Ecco dunque spiegata la scelta di creare un gruppo esclusivamente maschile. «L’idea è nata agli inizi del 2016 – racconta il coordinatore del gruppo palermitano – attraverso lo stimolo e la sollecitazione di alcune amiche femministe che fanno parte dei centri antiviolenza palermitani. Ci siamo resi conto, insieme a loro, che in altre città c’erano già gruppi costituiti da soli uomini. Abbiamo dunque cominciato a cercare persone che potessero essere interessate al tema: non è stato facile e non lo è tuttora. Nella prima fase abbiamo realizzato alcuni dibattiti pubblici, soprattutto per farci conoscere». 

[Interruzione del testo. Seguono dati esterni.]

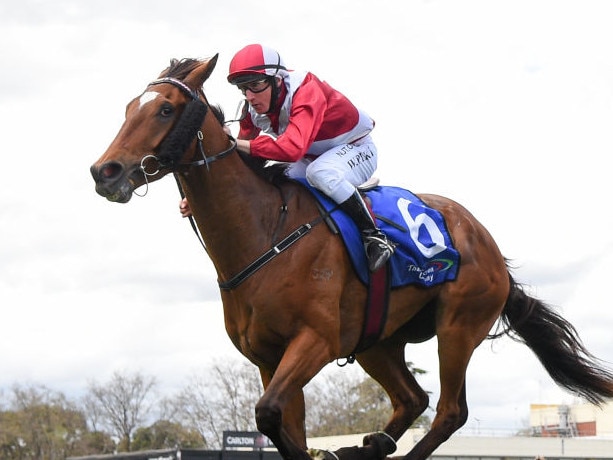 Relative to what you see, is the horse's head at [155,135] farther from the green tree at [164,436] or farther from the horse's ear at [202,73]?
the green tree at [164,436]

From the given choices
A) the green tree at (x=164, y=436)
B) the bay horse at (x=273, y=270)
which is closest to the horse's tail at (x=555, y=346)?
the bay horse at (x=273, y=270)

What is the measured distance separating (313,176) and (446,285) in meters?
1.52

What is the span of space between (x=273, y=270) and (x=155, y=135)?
123 centimetres

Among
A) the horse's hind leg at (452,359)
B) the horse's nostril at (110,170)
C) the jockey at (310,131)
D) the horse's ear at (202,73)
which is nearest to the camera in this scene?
the horse's nostril at (110,170)

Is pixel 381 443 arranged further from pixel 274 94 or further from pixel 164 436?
pixel 164 436

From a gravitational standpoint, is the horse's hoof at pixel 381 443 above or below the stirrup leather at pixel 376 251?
below

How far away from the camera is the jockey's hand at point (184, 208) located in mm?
7660

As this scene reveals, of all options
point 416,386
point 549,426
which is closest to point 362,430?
point 549,426

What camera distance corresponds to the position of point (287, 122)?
25.6 feet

Ma perché c’è tutta questa diffidenza ad avvicinarsi a un gruppo in fondo costituito da soli uomini? «Si pensa che la violenza sulle donne – dice Giuseppe Consoli – venga effettuata solamente da disturbati mentali o da delinquenti. Io sono normale, ci si dice, per cui a me non può capitare». Un pensiero che in effetti scatta, sempre come meccanismo di autodifesa e di solito incentivato dai casi di cronaca nera più efferati che vengono riportati dai media. «Invece non è vero – continua Consoli – le cronache sono piene di casi in cui a usare violenza sono uomini cosiddetti normali. E soprattutto non c’è solo la violenza fisica». Seminara aggiunge che «la rappresentazione dell’uomo violento in quanto patologico è legata a un certo modo del racconto del femminicidio che si fa in Italia. Poi se si scava all’interno del problema si scopre che di patologico c’è poco in questi uomini, che spesso invece sono vittime di un sistema patriarcale che fa scattare questi momenti di rabbia estrema. In ogni caso c’è un’ampia casistica in cui non si arriva al femminicidio ma che parla comunque di percosse». 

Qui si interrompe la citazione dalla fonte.